According to colon cancer statistics, colon cancer is the third leading cause of death in the United States. But colon cancer can be prevented. One way to prevent colon cancer is through colonoscopy screenings. And colonoscopies are recommended starting at age 50 or 10 years younger than your age if you have a family history of colon cancer and polyps.

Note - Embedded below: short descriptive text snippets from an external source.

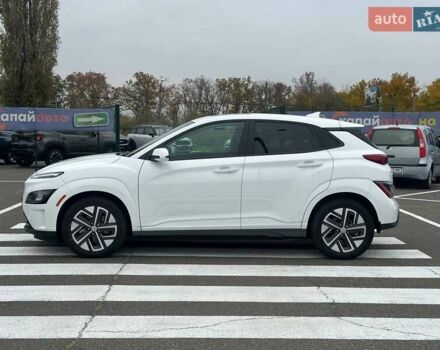 Білий Хендай Kona, об'ємом двигуна 0 л та пробігом 40 тис. км за 19999 $, фото 7 на Automoto.ua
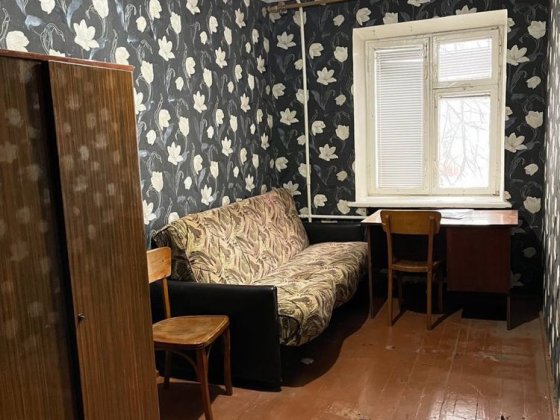 Оренда кімнати в гуртржитку. 2000 грн + кп. Текстильників 8 Чернігів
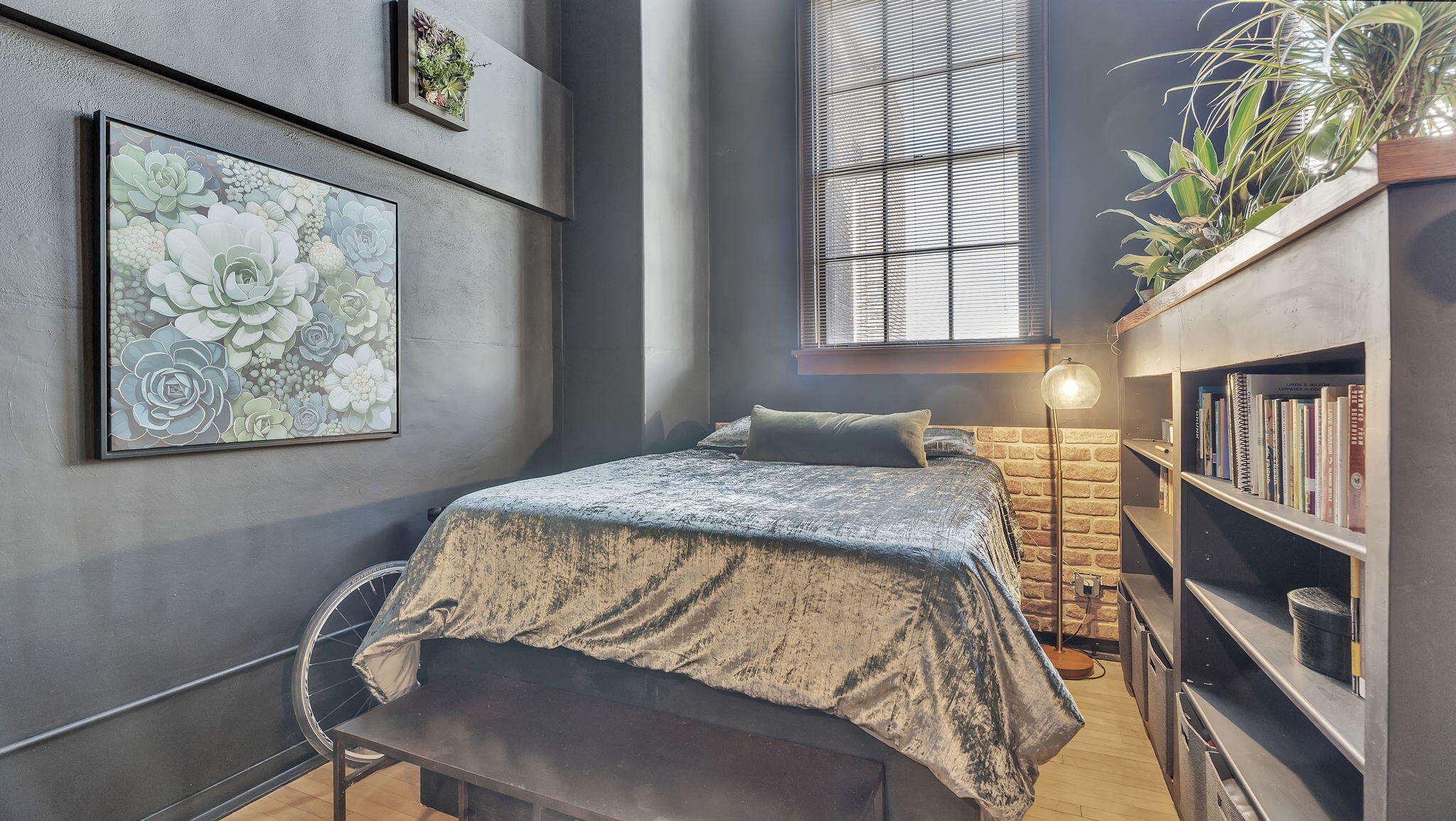 300 TIJERAS Avenue NE 319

Suppose you develop colon cancer without any family history. However, there has been some research recently that suggests genetics may play a role in developing certain types of colon cancers and precursors. “Almost 90 percent of colon cancers and adenomas (colorectal polyps) occur sporadically,” according to “Understanding Genetics.
Genetic colon cancer
Family history is one of the risk factors. Suppose colon cancer or colon polyps run in your family. In that case, it doesn’t necessarily matter how old you are when diagnosed
According to Genetics Home Reference, the genetic mutations that cause colon polyps and cancers to form aren’t passed down through families; they usually occur spontaneously during normal cell division. And these gene changes don’t always happen in every family member that has a history of colon polyps or cancer. Because not all people who have a family history of these conditions get them, there must be factors involved in developing this condition that is still unknown.
Some develop from colon polyps caused by hereditary issues. People who have inherited cancer syndromes may be at risk of colon polyps and colon cancer even if there is no family history of these conditions. According to Genetics Home Reference, some people inherit colon cancer susceptibility genes that make them more likely to develop colorectal tumors.
This condition is called familial adenomatous polyposis (FAP), and it’s associated with an increased risk for cancer. According to “Understanding Genetics: Cancer,” FAP occurs when a person inherits one copy of the defective APC gene from each parent; people with two copies of this gene typically develop multiple benign colorectal adenomas.
According to Genetics Home Reference, people with Lynch Syndrome (LS) are also at risk for colon polyps and cancers. This condition is caused by an inherited mutation in several DNA mismatch repair genes, which prevents the body from correcting errors when it replicates cell divisions.
Chronic inflammation has been associated with precursors like colon dysplasia, but inflammatory bowel disease (IBD) doesn’t cause cancer on its own. Apart from that, there’s no evidence that diet or environmental factors play a role in causing colorectal tumors to form; nor is there any proof that colitis causes changes in colon cells that lead to cancer.
Colon cancer tests
Since colon polyps and colon cancers seem to develop spontaneously, there’s no test for them – and it’s not possible to find it before symptoms appear. But colonoscopy is the only screening recommended by the American Cancer Society; colonoscopies can detect colon polyps and colorectal tumors during the early stages of development when they’re most likely to be curable.
There is a greater risk of developing cancers in people who have FAP or LS. And some forms of Lynch Syndrome increase the risk for colorectal tumors even if a person doesn’t have any family history. A few individuals with LS develop colon polyps and colon cancers, but not all these people eventually get cancer.
Lynch Syndrome typically affects the colon and rectum in adults over age 50. The colon is often involved with colorectal tumors that begin as colon polyps.
They can also occur within endometrial (uterine) and ovarian tissue areas in women affected by LS. And some Lynch Syndrome patients have been found to have an increased risk for mid-gut carcinoids, which are rare tumors of the small intestine. However, other forms of colon polyps and colon cancers don’t appear to be genetically linked to colon cancer syndromes.
In addition, colon cancer in LS colon cancer patients may be due to a mutation called mismatch repair-deficient colon cancer, according to Genetics Home Reference. In this condition, colon cancers develop from cells with abnormal chromosomes.
So it’s not known if colon polyps and colon cancers associated with Lynch Syndrome are inherited or arise spontaneously in the affected tissue – leading some experts to believe that they’re always caused by spontaneous cell changes rather than inherited gene defects. This lack of information about Lynch Syndrome, in general, weakens the genetic cause in individual cases of colon tumors in people who have LS.